BOSTON (CBS) – The superintendent of Boston Public Schools called President Donald Trump’s idea of arming teachers with guns to prevent school shootings “utterly illogical.”

President Trump first mentioned the idea during a gun violence listening session on Wednesday at the White House.

“We have to harden our schools, not soften them up. A gun-free zone to a killer or somebody that wants to be a killer, that’s like going in for the ice cream. Like here I am – take me,” Trump said on Thursday, adding “Shooters won’t walk into a school if 20 percent of people have guns.”

Boston superintendent Tommy Chang said in a statement that the bigger issue is access to guns.

“The mere thought that teachers should be armed in order to ward off violence is utterly illogical and will only result in making our students and teachers less safe,” Chang said. “The real issue at hand continues to be access to guns. In Boston, we have some of the strictest gun laws in the country.”

Chang added that Boston recently announced a partnership with the Sandy Hook Promise organization, which aims to keep schools safe.

Through the organization, Boston Public Schools is working to develop a mobile app allowing students to anonymously report threats to commit violence or suicide.

“When it comes to school safety, we know that our focus should be on violence prevention and creating a culture of inclusion in all of our schools,” Chang said.

“We are providing regular training that’s rooted in best practices to ensure the safety of our students if a situation were to occur, not wasting our time training educators how to carry and use a firearm. Our priority in Boston will always be the well-being of our school communities, and bringing guns into schools is simply not the answer.”

Republican Gov. Charlie Baker said that many schools have police officers in the building at various times. But he does not believe teachers should carry guns.

“With respect to teachers, I don’t think more guns is the answer, in classrooms, to this problem,” Baker said. “I think we should be doing a better job with many of the things we do here in Massachusetts to ensure that people who purchase guns have to pursue a process to get licensed to do so. It’s far more refined and restricted than it is in many other places.”

Boston Mayor Marty Walsh also rejected the idea of allowing teachers to carry guns in school.

“That’s not the way to go. Arming teachers is not the way you combat gun violence in America,” said Walsh. “In a case like that, well everyone should be carrying guns and we should have our own law and order. That’s not the appropriate way to do it.”

Like Chang, Walsh said the focus should be on keeping weapons out of the hands of young people.

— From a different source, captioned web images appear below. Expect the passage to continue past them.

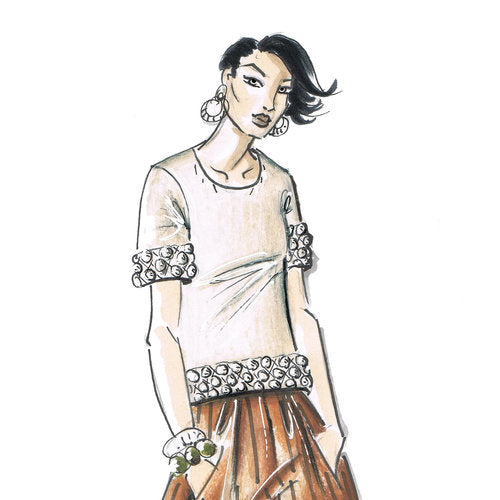 Ebook "Giochi di Sabbia"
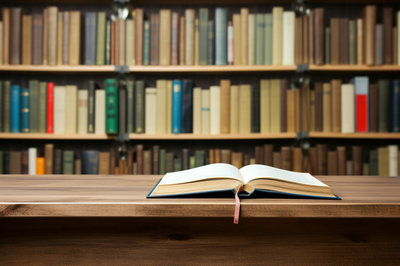 中國(guó)傳媒大學(xué)在職研究生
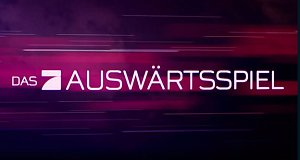 Das ProSieben Auswärtsspiel – Bild: ProSieben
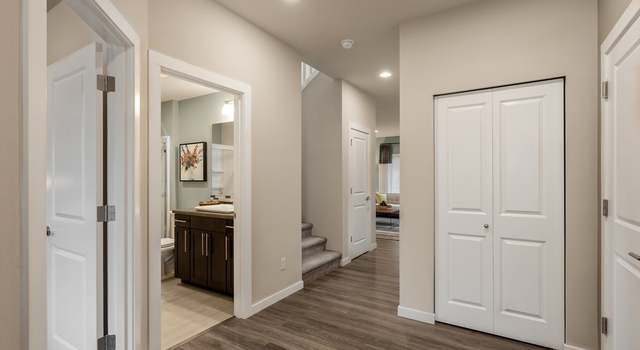 Photo of 12830 175th Dr SE Unit MW21, Snohomish, WA 98290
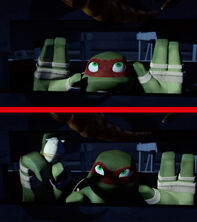 Raphael-TMNT-2012-0281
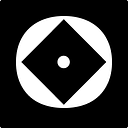 Commonweal logo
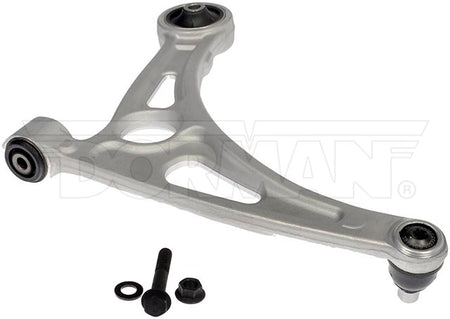 Dorman 527-444 Control Arm 2017-2020 Kia Cadenza - view 5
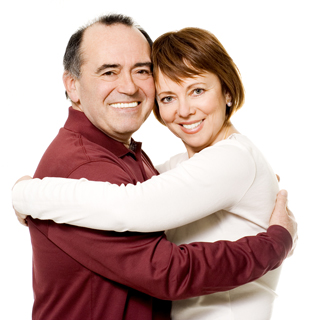 Dental Implants in Hampshire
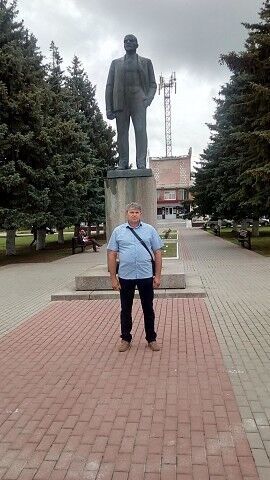  ,   , 57 ,   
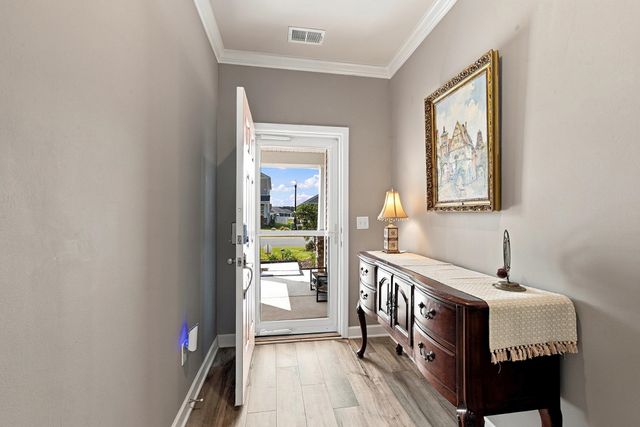4228 Falls Oaks St., Myrtle Beach, SC 29579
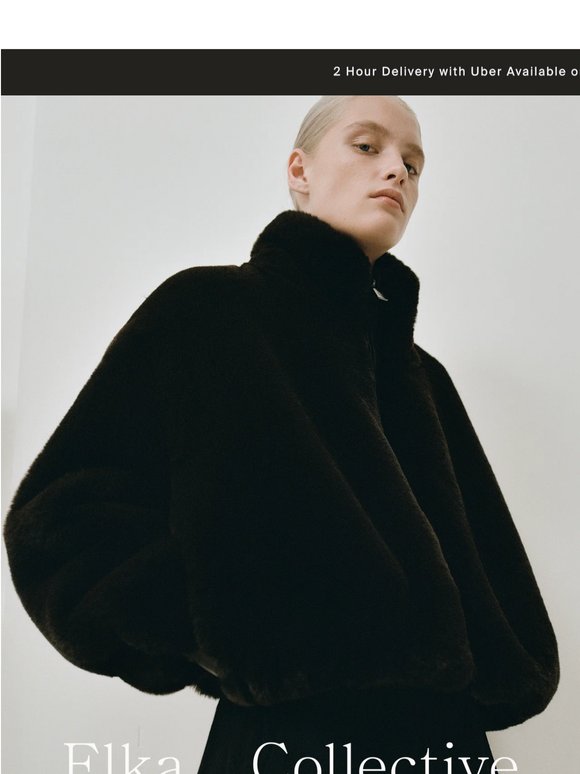 Winter, Vol. 3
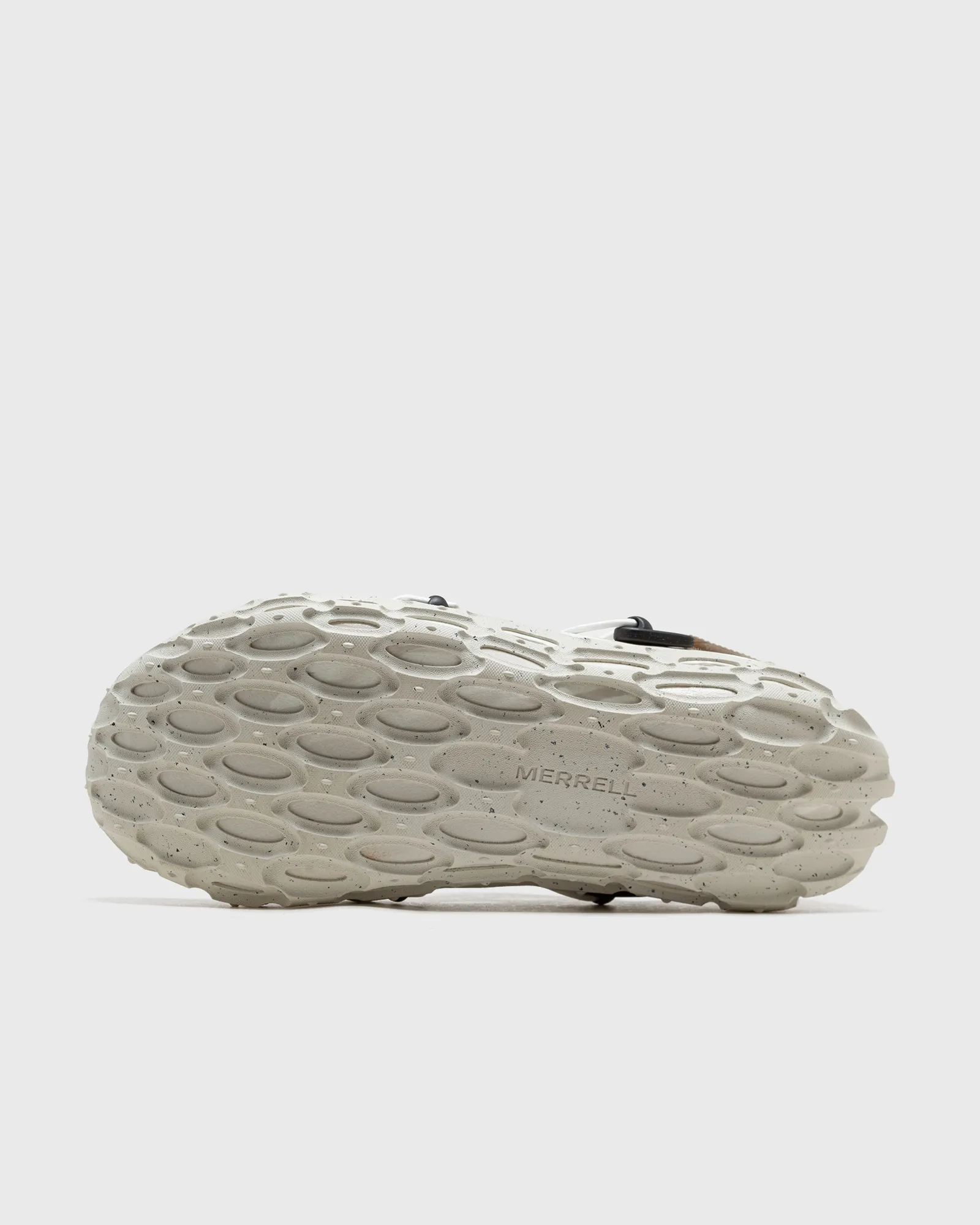 Merrell 1-TRL HYDRO MOC AT CAGE SE/MOONBEAM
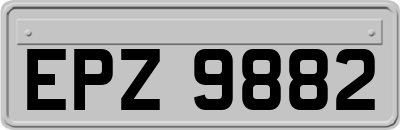 EPZ9882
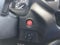 2026 Toyota Tundra 4WD 4WD Limited CrewMax 5.5' Bed (Natl)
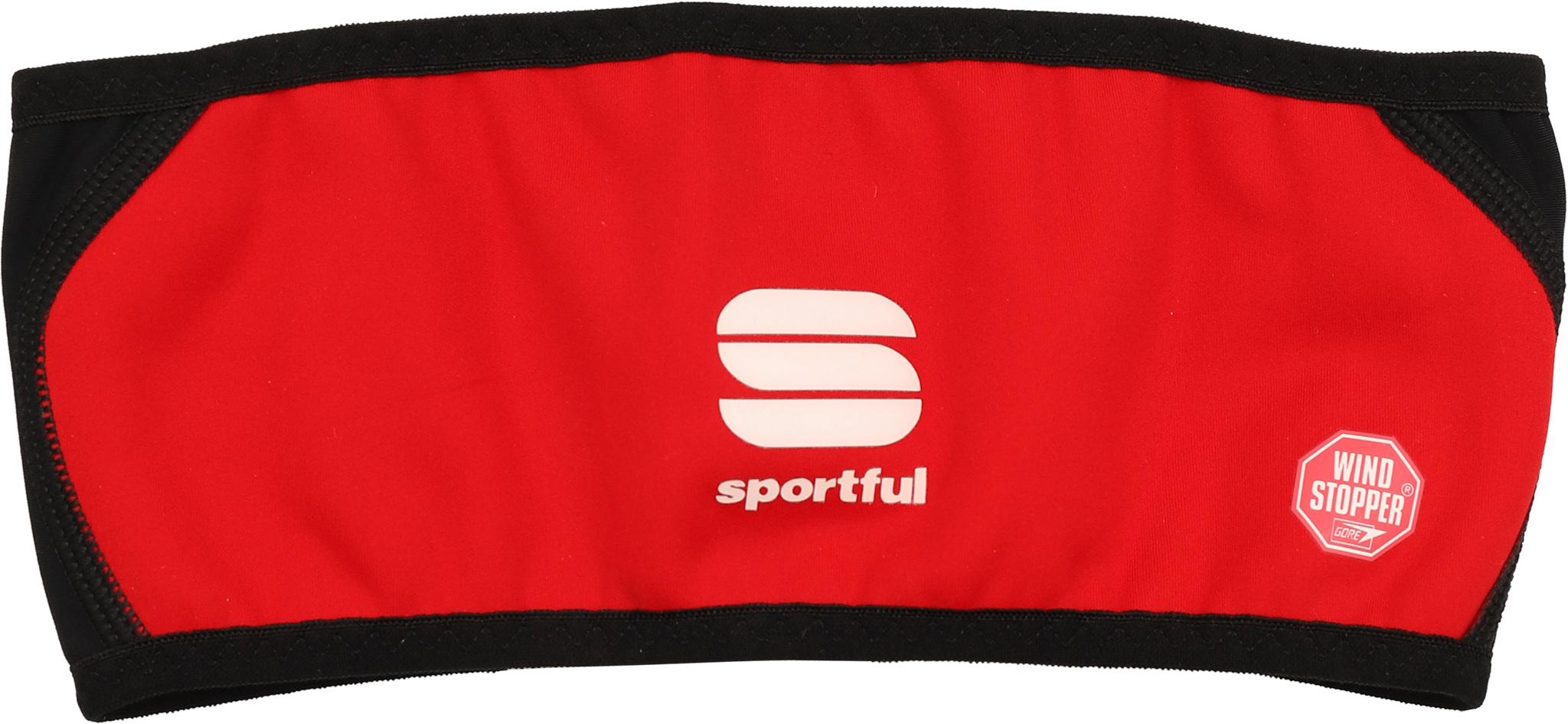 Product image for Headband - Women's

“The president is all over the road. He came out with one good statement early on, and now he’s talking about giving teachers guns,” Walsh said. “I’m going to train 8,000 teachers in the Boston Public Schools to carry guns? Do I have to pay for them to have the gun? Why do I even have a police force if that’s the case.”

The executive director of school superintendents in Massachusetts says teachers chose to be educators, not first responders.

“We have enough difficulty finding teachers today,” said Thomas Scott, Executive Director of the Mass. Association of School Superintendents.

“I think it really sort of begs the question are we continuing to look for remedies to the next incident or are we looking for a remedy to solve the problem?”

Scott suggests a focus on providing more support to an increasing demographic of students with social and emotional challenges.